__What the task asks__
Copy each line of the listing where the word "style" can be found.

__Material to process__
************
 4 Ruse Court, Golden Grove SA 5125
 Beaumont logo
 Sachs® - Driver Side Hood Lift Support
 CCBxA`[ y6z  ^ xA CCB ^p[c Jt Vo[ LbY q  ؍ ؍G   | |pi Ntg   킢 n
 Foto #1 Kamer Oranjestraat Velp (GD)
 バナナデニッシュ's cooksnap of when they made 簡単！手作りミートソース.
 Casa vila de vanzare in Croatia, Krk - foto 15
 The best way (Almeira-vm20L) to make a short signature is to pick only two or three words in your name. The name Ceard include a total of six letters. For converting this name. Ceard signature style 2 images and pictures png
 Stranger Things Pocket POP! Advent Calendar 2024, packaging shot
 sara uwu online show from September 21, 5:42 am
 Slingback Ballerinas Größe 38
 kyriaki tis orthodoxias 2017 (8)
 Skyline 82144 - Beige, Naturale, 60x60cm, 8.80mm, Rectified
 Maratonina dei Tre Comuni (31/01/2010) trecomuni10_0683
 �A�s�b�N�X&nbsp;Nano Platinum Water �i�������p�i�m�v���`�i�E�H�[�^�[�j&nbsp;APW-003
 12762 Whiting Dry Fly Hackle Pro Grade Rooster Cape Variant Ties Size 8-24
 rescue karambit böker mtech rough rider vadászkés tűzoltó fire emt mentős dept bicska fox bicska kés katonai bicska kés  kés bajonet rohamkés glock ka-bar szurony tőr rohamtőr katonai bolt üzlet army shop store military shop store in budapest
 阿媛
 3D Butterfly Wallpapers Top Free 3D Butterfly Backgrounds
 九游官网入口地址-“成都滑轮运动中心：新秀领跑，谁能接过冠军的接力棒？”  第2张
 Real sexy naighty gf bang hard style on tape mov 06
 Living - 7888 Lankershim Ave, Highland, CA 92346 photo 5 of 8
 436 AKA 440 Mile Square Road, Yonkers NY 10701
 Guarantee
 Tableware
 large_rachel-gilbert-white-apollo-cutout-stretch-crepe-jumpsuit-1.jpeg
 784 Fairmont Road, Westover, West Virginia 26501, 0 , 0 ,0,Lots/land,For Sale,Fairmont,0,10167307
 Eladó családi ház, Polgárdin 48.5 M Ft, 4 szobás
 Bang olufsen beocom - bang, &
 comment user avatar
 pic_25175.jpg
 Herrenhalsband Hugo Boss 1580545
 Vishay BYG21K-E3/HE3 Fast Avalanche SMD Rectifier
************
__Your solution__
 The best way (Almeira-vm20L) to make a short signature is to pick only two or three words in your name. The name Ceard include a total of six letters. For converting this name. Ceard signature style 2 images and pictures png
 Real sexy naighty gf bang hard style on tape mov 06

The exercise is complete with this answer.